Woodcutter – First Impressions
The Woodcutter is a fascinating book ... it's like Kate Danley (the author) set herself the task: "I wonder how many fairy tales I can work into a single narrative that encompasses them all and somehow remains cohesive and coherent." So far — I'm a bit more than halfway through — she is succeeding ... more or less.

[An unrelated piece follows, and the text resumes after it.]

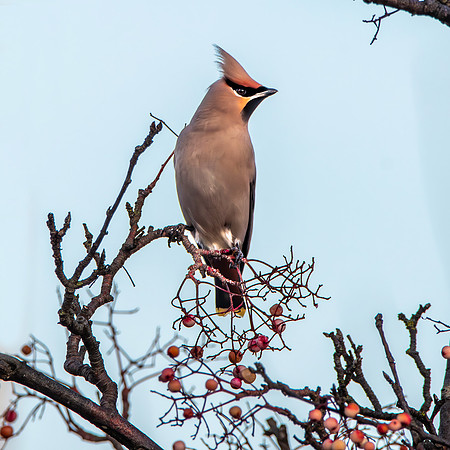 Bohemian waxwing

On the surface, the book is very simple; short words, short sentences, short chapters (79 of them!), and essentially a straight-line narrative. But the storytelling is very compressed, and more allusive than literal, and there are all these connections to keep track of ... or at least it feels like I need to keep track of them. One cannot help but notice the connections to Red Riding Hood, Jack and the Beanstalk, Rapunzel, Snow White, Rumpelstilskin, Cinderella, Baba Yaga, and more that I'm not remembering at the moment, and more still that I suspect link the story to fairy tales I'm not familiar with. And once one has noticed them, they all somehow command a place in one's overall conception of the story Danley is telling with them, and therefore one must keep them in mind as one reads, to get the full effect of the story. BUT ... every tale is modified so that it is not the same as the original that we have dim-to-vivid memories of, so there is that added complexity as well. It seems I can't even talk or think about it without getting all blathery and convoluted ... but sheesh, it's just an extended modern fairy tale, right?